- Directed by: Mo Ali
- Screenplay by: Jeremy Sheldon Peter Lowe
- Story by: Peter Lowe
- Produced by: Mark Foligno. Gareth Maxwell Roberts
- Starring: McKell David Lars Mikkelsen
- Cinematography: Jean-Paul Seresin
- Edited by: Kim Gaster
- Music by: Pablo Clements James Griffith Toydrum
- Production company: Entertainment One
- Distributed by: Entertainment One
- Release date: 11 December 2014;
- Running time: 108 minutes
- Country: United Kingdom
- Language: English

= Montana (2014 film) =

British action film

Montana is a 2014 British action film directed by Mo Ali set in the East End of London starring McKell David as the title character in his first lead role in a feature film. He has since been in the TV series Holby City as Lloyd Kramer. The score was composed by Toydrum.

== Plot ==
A 14-year-old drug-runner called Montana (McKell David) gets haunted by crime lord Lazarus. Facing death, he is rescued by ex-Serbian Commando Dimitrije (Lars Mikkelsen), a man with a dark past who wants to destroy Lazarus and his criminal empire. Dimitrije trains Montana to be an assassin, and they plan their revenge on Lazarus to wipe him out for good.

== Cast ==

- McKell David as Montana
- Lars Mikkelsen as Dimitrije
- Michelle Fairley as DCI Rachel Jones
- Duane Henry as Junior
- Dominique Tipper as Mohawk
- Ashley Walters as Ryan
- Alexandra Weaver as Danica
- Kedar Williams-Stirling as Lorenzo
- Oliver Stark as Cal
- Zlatko Buric as Slavko
- Adam Deacon as Pitt
- Ryan Oliva as Branko
- Richie Campbell as Isaac
- Sinead Michael as Jess
- Rocky Marshall as DC Liam West
- Darrell D'Silva as Lazarus
- Eddie Bagayawa as The Chinaman

== Production ==
Shooting of the film took six weeks on locations all over London, including Hackney, Poplar, Brick Lane, Whitechapel, Greenwich, during February and March 2013.

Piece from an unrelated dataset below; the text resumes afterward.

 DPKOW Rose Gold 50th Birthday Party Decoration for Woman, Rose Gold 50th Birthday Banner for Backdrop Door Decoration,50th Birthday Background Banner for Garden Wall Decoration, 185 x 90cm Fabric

On casting of McKell David, director Mo Ali said: "From the first time I met McKell David, I knew I'd found my Montana."

Review from Independent reads: "Director Mo Ali has an obvious flair for action – but little instinct for story or characterisation. At times, his new film plays like an episode of Grange Hill, as if directed by Quentin Tarantino."

== Reception ==
Empire Magazine gave it 3/5 stars in their review: "Tougher than a box of nails, this is a brassy revenge thriller that refuses to pull its punches."